Problem requirements: Working from the data below, write out exactly the lines from its first through the line that contains "Iranski ministar spoljnih", both ends included and pictures omitted.

Data extract:
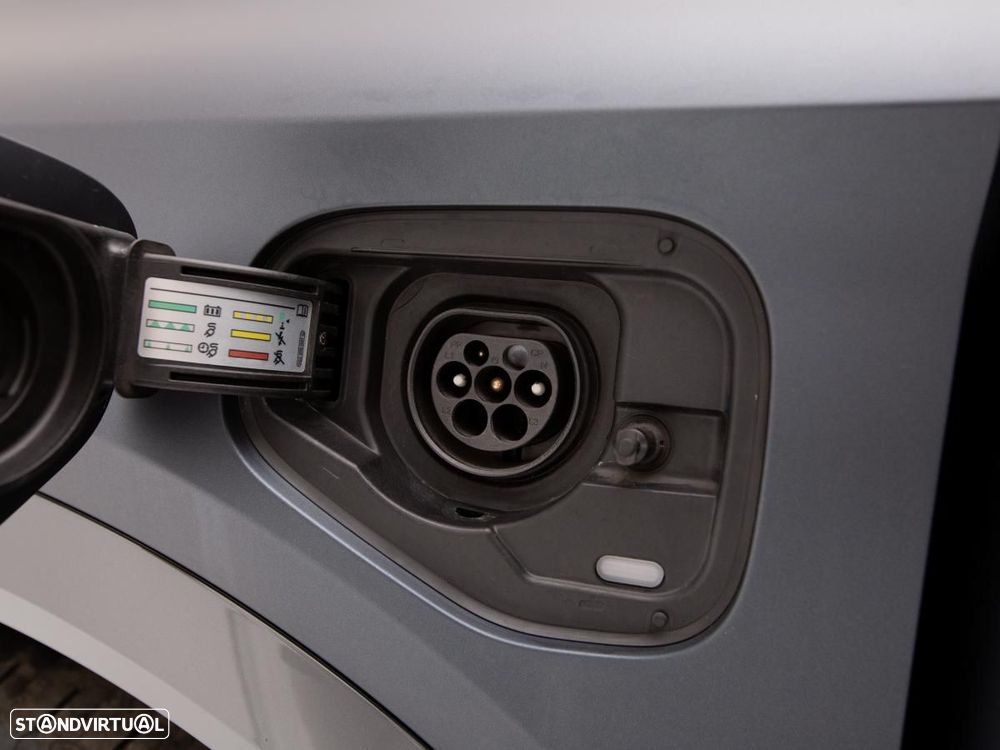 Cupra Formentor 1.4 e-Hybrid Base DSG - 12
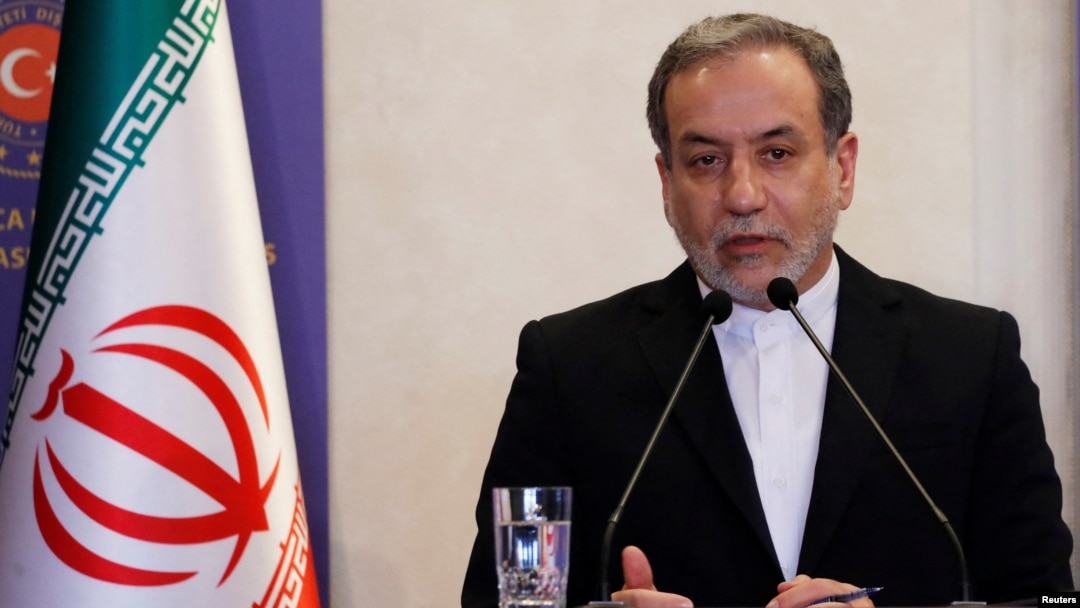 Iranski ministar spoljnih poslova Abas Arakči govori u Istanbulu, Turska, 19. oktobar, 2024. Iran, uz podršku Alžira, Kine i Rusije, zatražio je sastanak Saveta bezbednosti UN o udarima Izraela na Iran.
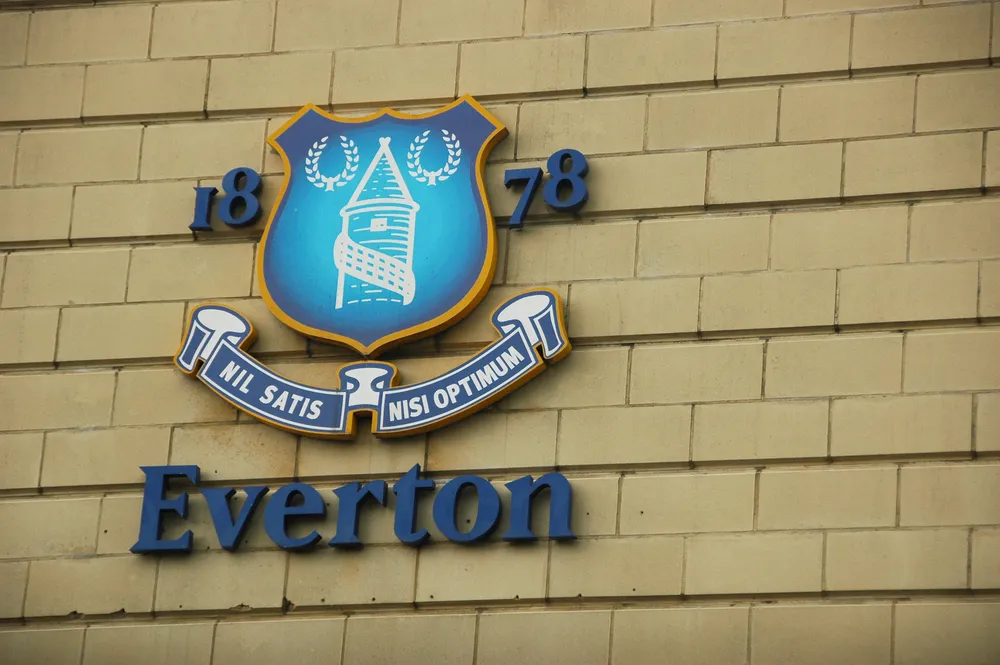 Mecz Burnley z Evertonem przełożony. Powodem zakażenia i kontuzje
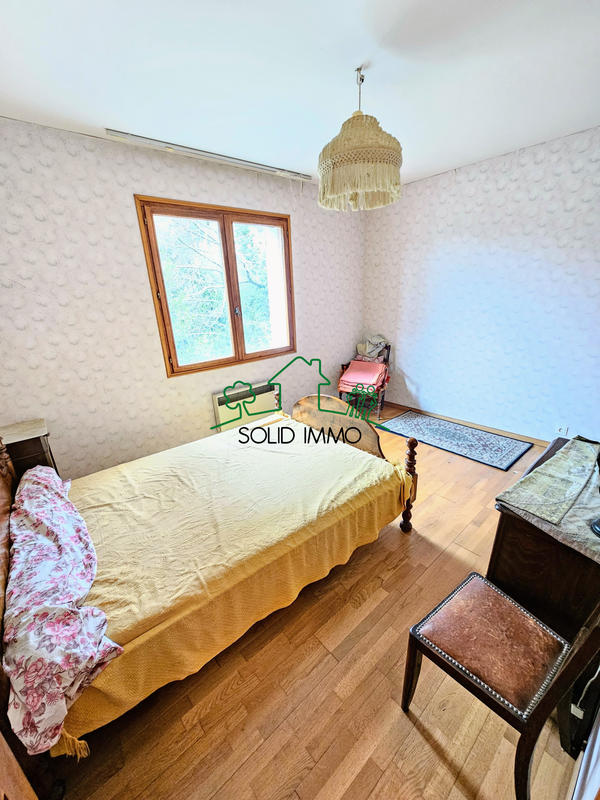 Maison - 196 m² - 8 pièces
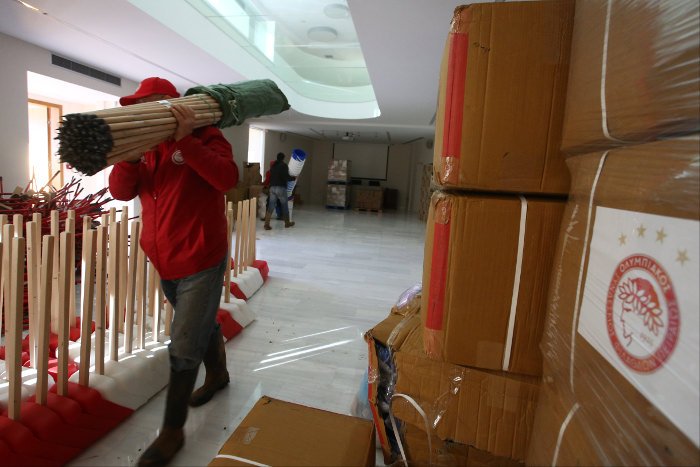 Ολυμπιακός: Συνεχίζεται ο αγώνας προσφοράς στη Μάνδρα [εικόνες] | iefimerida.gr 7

Task result:
 Cupra Formentor 1.4 e-Hybrid Base DSG - 12
 Iranski ministar spoljnih poslova Abas Arakči govori u Istanbulu, Turska, 19. oktobar, 2024. Iran, uz podršku Alžira, Kine i Rusije, zatražio je sastanak Saveta bezbednosti UN o udarima Izraela na Iran.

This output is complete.